[Start of Attachment]
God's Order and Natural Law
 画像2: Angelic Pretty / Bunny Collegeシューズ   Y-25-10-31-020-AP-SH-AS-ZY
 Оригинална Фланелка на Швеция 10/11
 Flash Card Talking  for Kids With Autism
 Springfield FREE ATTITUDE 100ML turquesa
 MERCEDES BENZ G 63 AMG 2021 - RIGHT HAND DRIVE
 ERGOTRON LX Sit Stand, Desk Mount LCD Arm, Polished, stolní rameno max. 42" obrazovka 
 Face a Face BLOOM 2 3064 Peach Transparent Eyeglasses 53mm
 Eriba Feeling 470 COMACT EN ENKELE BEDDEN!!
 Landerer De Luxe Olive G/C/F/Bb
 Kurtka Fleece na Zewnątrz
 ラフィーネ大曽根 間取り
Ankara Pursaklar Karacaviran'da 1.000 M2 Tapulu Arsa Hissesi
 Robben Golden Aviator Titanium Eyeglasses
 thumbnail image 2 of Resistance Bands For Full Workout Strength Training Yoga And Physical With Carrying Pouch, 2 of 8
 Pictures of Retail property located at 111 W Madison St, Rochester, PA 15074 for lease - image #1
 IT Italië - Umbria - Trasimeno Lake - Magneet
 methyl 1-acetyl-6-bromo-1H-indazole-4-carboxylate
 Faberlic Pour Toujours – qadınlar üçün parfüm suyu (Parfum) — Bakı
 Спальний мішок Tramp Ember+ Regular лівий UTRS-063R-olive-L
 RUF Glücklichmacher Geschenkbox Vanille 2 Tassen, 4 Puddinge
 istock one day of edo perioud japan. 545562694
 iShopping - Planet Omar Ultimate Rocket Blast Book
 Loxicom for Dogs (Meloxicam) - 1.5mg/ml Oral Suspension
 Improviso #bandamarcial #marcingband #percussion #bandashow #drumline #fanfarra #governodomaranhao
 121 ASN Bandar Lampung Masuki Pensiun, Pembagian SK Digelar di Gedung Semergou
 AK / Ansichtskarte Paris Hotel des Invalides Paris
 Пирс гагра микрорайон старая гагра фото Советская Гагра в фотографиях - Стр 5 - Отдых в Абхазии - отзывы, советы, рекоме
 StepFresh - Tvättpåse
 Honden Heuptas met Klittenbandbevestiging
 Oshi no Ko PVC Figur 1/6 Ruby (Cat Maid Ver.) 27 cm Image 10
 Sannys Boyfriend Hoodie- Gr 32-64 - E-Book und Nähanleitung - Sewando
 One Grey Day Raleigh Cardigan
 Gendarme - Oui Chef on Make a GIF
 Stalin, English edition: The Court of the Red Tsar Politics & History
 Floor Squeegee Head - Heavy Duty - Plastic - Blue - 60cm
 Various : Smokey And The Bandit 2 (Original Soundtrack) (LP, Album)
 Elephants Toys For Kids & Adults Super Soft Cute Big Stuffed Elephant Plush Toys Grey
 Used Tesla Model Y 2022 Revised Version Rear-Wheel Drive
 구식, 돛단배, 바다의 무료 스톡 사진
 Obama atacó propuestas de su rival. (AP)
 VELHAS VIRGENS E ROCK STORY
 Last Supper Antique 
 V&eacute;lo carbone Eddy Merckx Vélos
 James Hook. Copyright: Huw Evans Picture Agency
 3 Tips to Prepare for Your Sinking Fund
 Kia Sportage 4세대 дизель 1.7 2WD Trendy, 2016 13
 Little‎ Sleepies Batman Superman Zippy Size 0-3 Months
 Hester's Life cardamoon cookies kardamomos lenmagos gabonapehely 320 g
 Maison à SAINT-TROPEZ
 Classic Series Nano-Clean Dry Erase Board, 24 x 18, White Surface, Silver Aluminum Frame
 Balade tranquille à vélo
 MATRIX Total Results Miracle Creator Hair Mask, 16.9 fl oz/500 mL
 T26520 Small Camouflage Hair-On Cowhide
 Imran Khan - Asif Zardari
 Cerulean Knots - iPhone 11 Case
[End of Attachment]
__Work instructions__. Please reproduce the listing exactly, keeping every line as it is.

__Solution to this exercise__.
God's Order and Natural Law
 画像2: Angelic Pretty / Bunny Collegeシューズ   Y-25-10-31-020-AP-SH-AS-ZY
 Оригинална Фланелка на Швеция 10/11
 Flash Card Talking  for Kids With Autism
 Springfield FREE ATTITUDE 100ML turquesa
 MERCEDES BENZ G 63 AMG 2021 - RIGHT HAND DRIVE
 ERGOTRON LX Sit Stand, Desk Mount LCD Arm, Polished, stolní rameno max. 42" obrazovka 
 Face a Face BLOOM 2 3064 Peach Transparent Eyeglasses 53mm
 Eriba Feeling 470 COMACT EN ENKELE BEDDEN!!
 Landerer De Luxe Olive G/C/F/Bb
 Kurtka Fleece na Zewnątrz
 ラフィーネ大曽根 間取り
Ankara Pursaklar Karacaviran'da 1.000 M2 Tapulu Arsa Hissesi
 Robben Golden Aviator Titanium Eyeglasses
 thumbnail image 2 of Resistance Bands For Full Workout Strength Training Yoga And Physical With Carrying Pouch, 2 of 8
 Pictures of Retail property located at 111 W Madison St, Rochester, PA 15074 for lease - image #1
 IT Italië - Umbria - Trasimeno Lake - Magneet
 methyl 1-acetyl-6-bromo-1H-indazole-4-carboxylate
 Faberlic Pour Toujours – qadınlar üçün parfüm suyu (Parfum) — Bakı
 Спальний мішок Tramp Ember+ Regular лівий UTRS-063R-olive-L
 RUF Glücklichmacher Geschenkbox Vanille 2 Tassen, 4 Puddinge
 istock one day of edo perioud japan. 545562694
 iShopping - Planet Omar Ultimate Rocket Blast Book
 Loxicom for Dogs (Meloxicam) - 1.5mg/ml Oral Suspension
 Improviso #bandamarcial #marcingband #percussion #bandashow #drumline #fanfarra #governodomaranhao
 121 ASN Bandar Lampung Masuki Pensiun, Pembagian SK Digelar di Gedung Semergou
 AK / Ansichtskarte Paris Hotel des Invalides Paris
 Пирс гагра микрорайон старая гагра фото Советская Гагра в фотографиях - Стр 5 - Отдых в Абхазии - отзывы, советы, рекоме
 StepFresh - Tvättpåse
 Honden Heuptas met Klittenbandbevestiging
 Oshi no Ko PVC Figur 1/6 Ruby (Cat Maid Ver.) 27 cm Image 10
 Sannys Boyfriend Hoodie- Gr 32-64 - E-Book und Nähanleitung - Sewando
 One Grey Day Raleigh Cardigan
 Gendarme - Oui Chef on Make a GIF
 Stalin, English edition: The Court of the Red Tsar Politics & History
 Floor Squeegee Head - Heavy Duty - Plastic - Blue - 60cm
 Various : Smokey And The Bandit 2 (Original Soundtrack) (LP, Album)
 Elephants Toys For Kids & Adults Super Soft Cute Big Stuffed Elephant Plush Toys Grey
 Used Tesla Model Y 2022 Revised Version Rear-Wheel Drive
 구식, 돛단배, 바다의 무료 스톡 사진
 Obama atacó propuestas de su rival. (AP)
 VELHAS VIRGENS E ROCK STORY
 Last Supper Antique 
 V&eacute;lo carbone Eddy Merckx Vélos
 James Hook. Copyright: Huw Evans Picture Agency
 3 Tips to Prepare for Your Sinking Fund
 Kia Sportage 4세대 дизель 1.7 2WD Trendy, 2016 13
 Little‎ Sleepies Batman Superman Zippy Size 0-3 Months
 Hester's Life cardamoon cookies kardamomos lenmagos gabonapehely 320 g
 Maison à SAINT-TROPEZ
 Classic Series Nano-Clean Dry Erase Board, 24 x 18, White Surface, Silver Aluminum Frame
 Balade tranquille à vélo
 MATRIX Total Results Miracle Creator Hair Mask, 16.9 fl oz/500 mL
 T26520 Small Camouflage Hair-On Cowhide
 Imran Khan - Asif Zardari
 Cerulean Knots - iPhone 11 Case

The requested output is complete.